元メジャー右腕が提言する、これからの高校野球「選手が燃え尽きないように」
「選手の将来を考えながら戦える場になっていくといい」
プロスカウトから注目を集める吉田と柿木だが、現時点での投手としての完成度を比較すると「吉田君の方が上ですね」と話す。それというのも「柿木君はまとまり過ぎている印象がありますね」という。
「柿木君は全ての球種がアベレージより少し上。何かが飛び抜けているわけではなく、真っ直ぐ、スライダー、チェンジアップ、フォークが全て同じくらいの出来なんですね。もちろん、プロ入りを表明すればドラフト上位で指名されるでしょうが、真っ直ぐと変化球はともに1つ1つの精度を上げる必要がある。逆に、まだ伸びる可能性があるということですね。
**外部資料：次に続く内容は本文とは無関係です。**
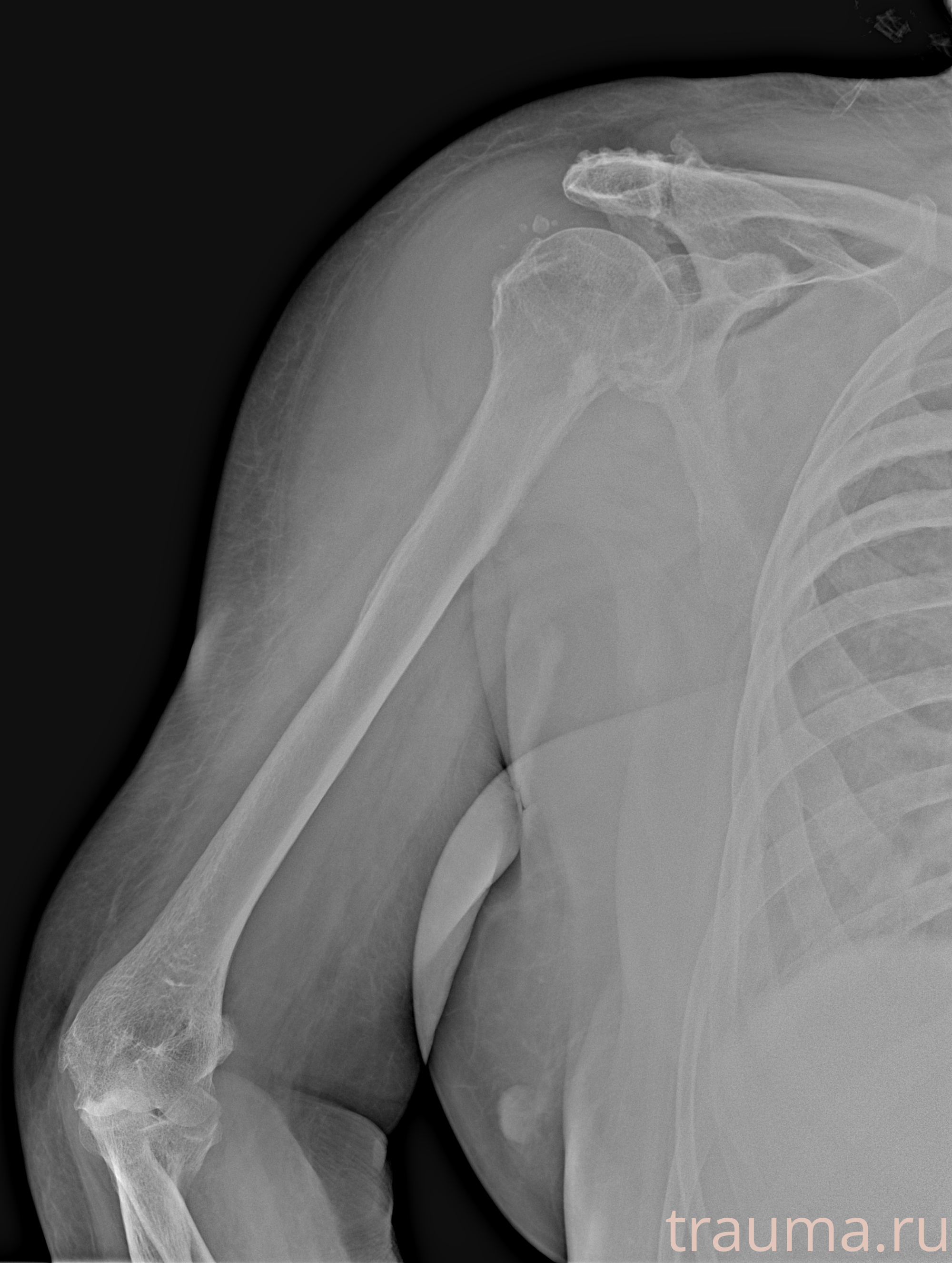 Рентген на дому: по вашему адресу приезжает врач-рентгенолог, травматолог-ортопед с мобильным рентгеновским аппаратом, проводит диагностику травмы или заболевания, делает необходимые рентгенограммы, дает рекомендации по дальнейшему лечению. Получить качественные снимки в домашних условиях возможно благодаря уникальной методике, разработанной МосРентген Центром для института  Склифосовского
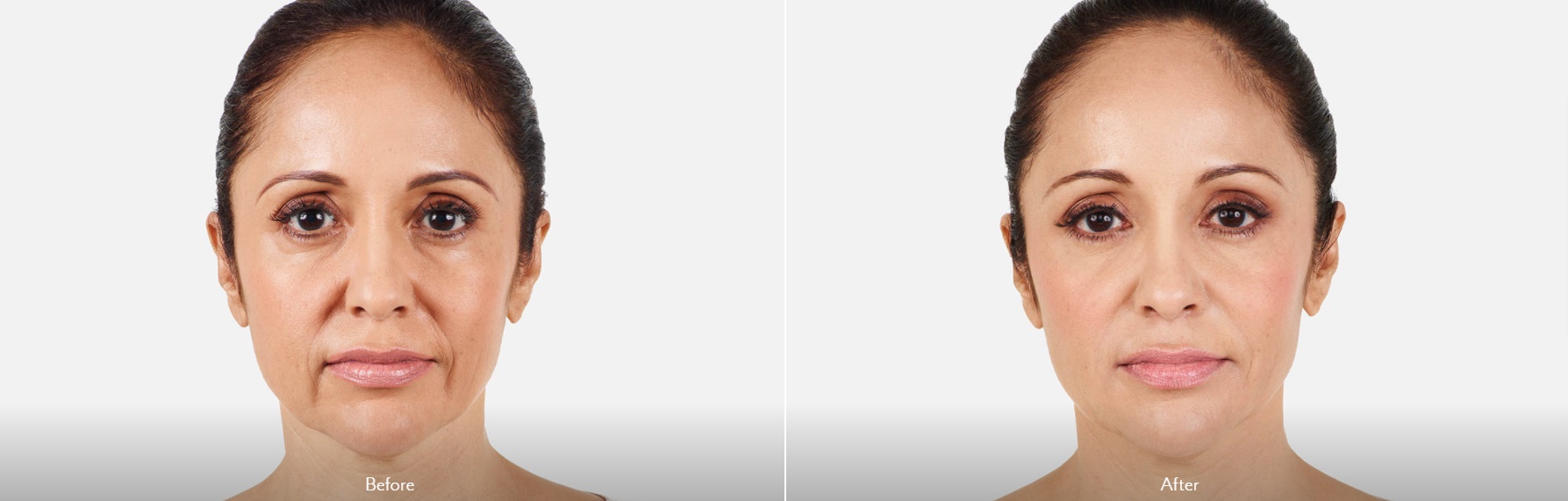 Cheek Augmentation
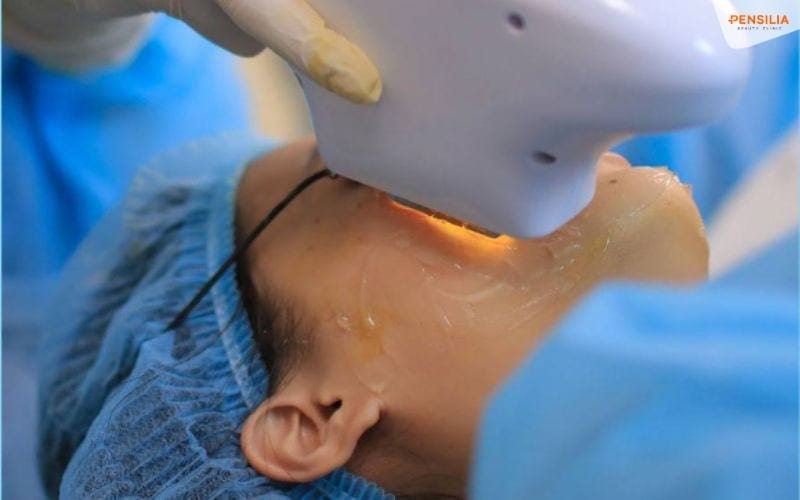 Elight trị thâm sau mụn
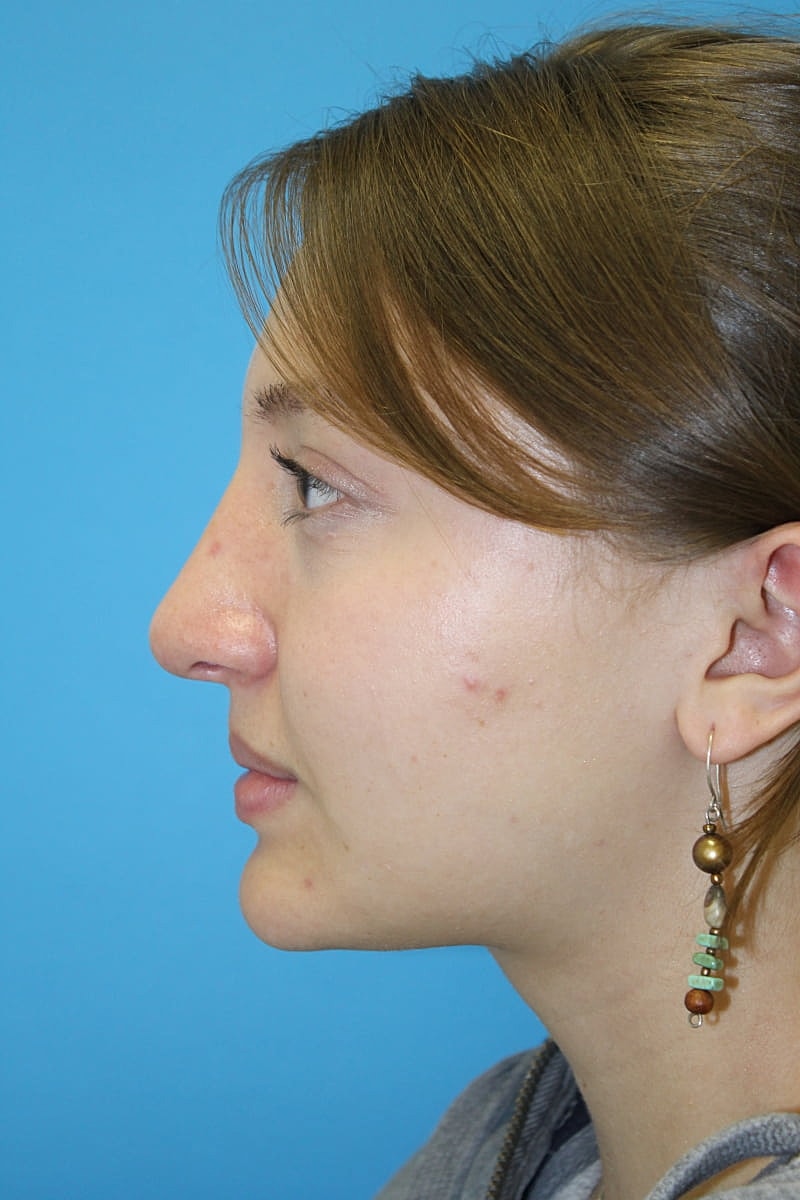 Rhinoplasty Before & After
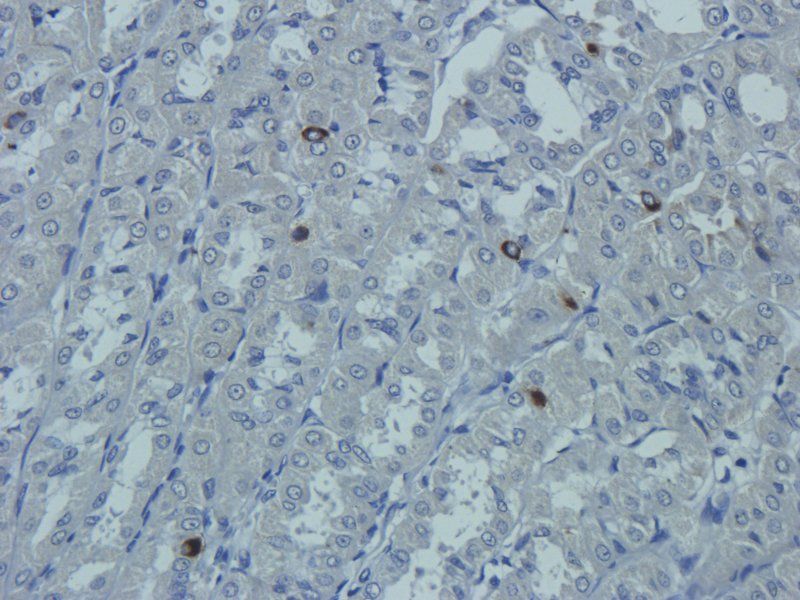 CD14 antibody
吉田君はプロ入りしても即戦力として十分に通用するでしょう。大学に進学するよりも、田中(将大)投手や藤浪(晋太郎)投手のようにプロの世界で経験を積んでいく方がいいかもしれません。彼のストレートの質は本当にいいですから。完成度の高い投手ですね」
今大会を通じて藪氏を驚かせたのは、高校野球のレベルの高さだ。藪氏が高校3年時に開催されたのは、第68回大会だった。それから32年。「今の選手の方が間違いなく高いレベルの技術を持っています」と断言する。
「今大会では右は吉田君、左だったら河村君(日大三)や林君(近江)がよかったですね。高校生でここまで投げられるのは、本当に驚きです。アメリカでは大学生でこのレベルに達すればいいという考え。日本の方が早熟ですが、小さい頃から1つのスポーツに専念して、根を詰めて取り組んでいる表れかもしれません。
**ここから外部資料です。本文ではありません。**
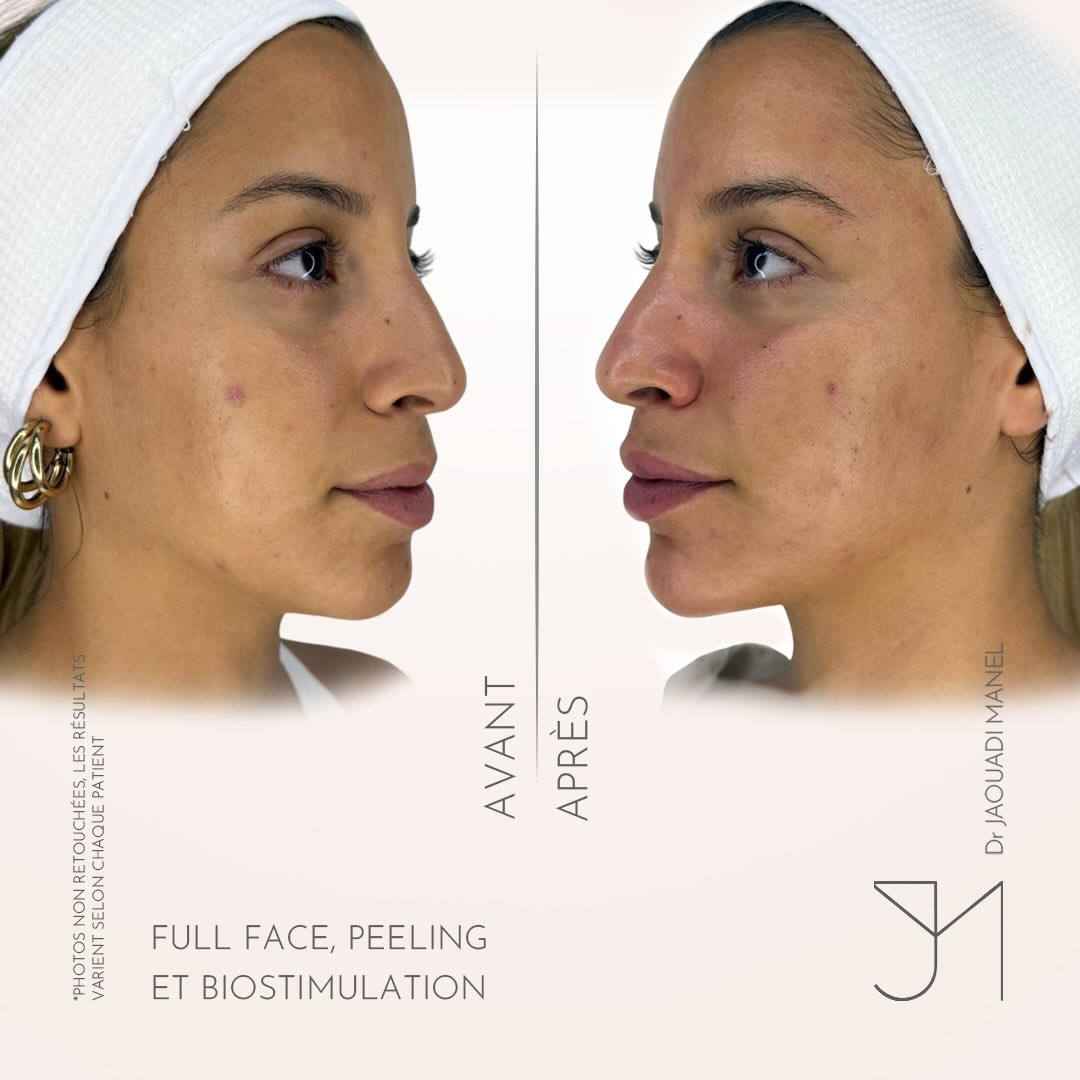 Full face sur visage fin - relief retrouvé, signature subtile et précise. Rafraîchissez votre vi (1)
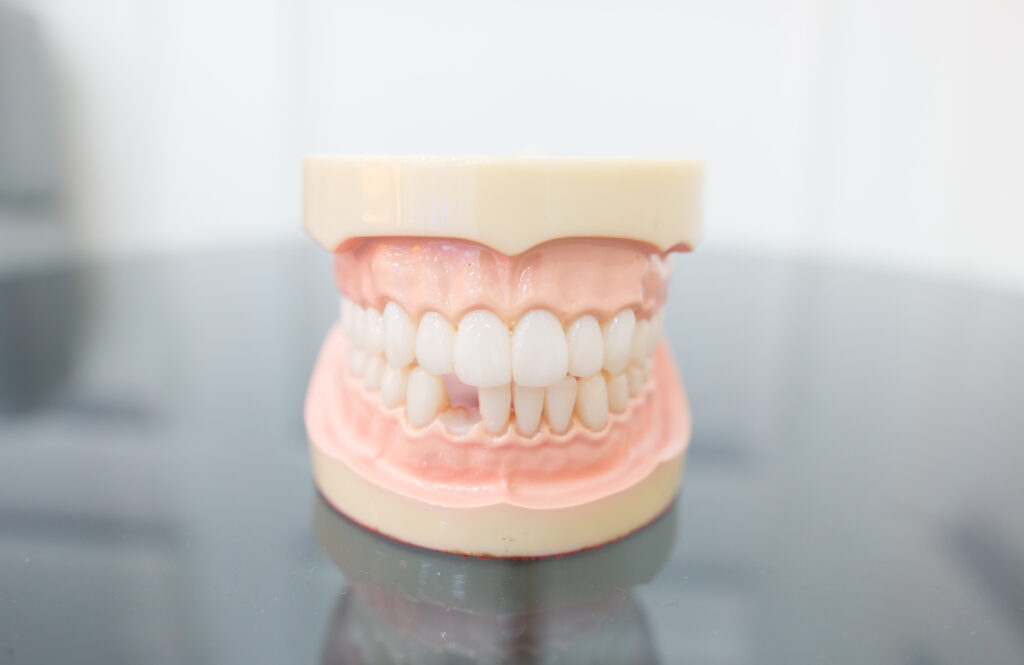 Close-up of mouth showing gap from a missing tooth representing need for tooth replacement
僕は甲子園に出場できず、その悔しさがあったから大学、社会人、プロと野球をやり続けた。ただ、僕の周りには甲子園に出場した後、バーンアウトしてしまって、野球を続けなかった人たちもいます。それを考えると、甲子園に出場した選手が燃え尽きずに野球を続けるにはどうしたらいいか、考えた方がいいでしょう。甲子園は最終的な目標ではなく、プロへの通過点の1つ。選手の将来を考えながら戦える場になっていくと、より発展していくのではないかと思います」
優勝旗が新しくなり、次の100年に向けて新たなスタートを切った夏の甲子園。選手のレベルが高くなることに合わせ、野球に関わる大人たちの意識も高く変化させていくことが求められているのかもしれない。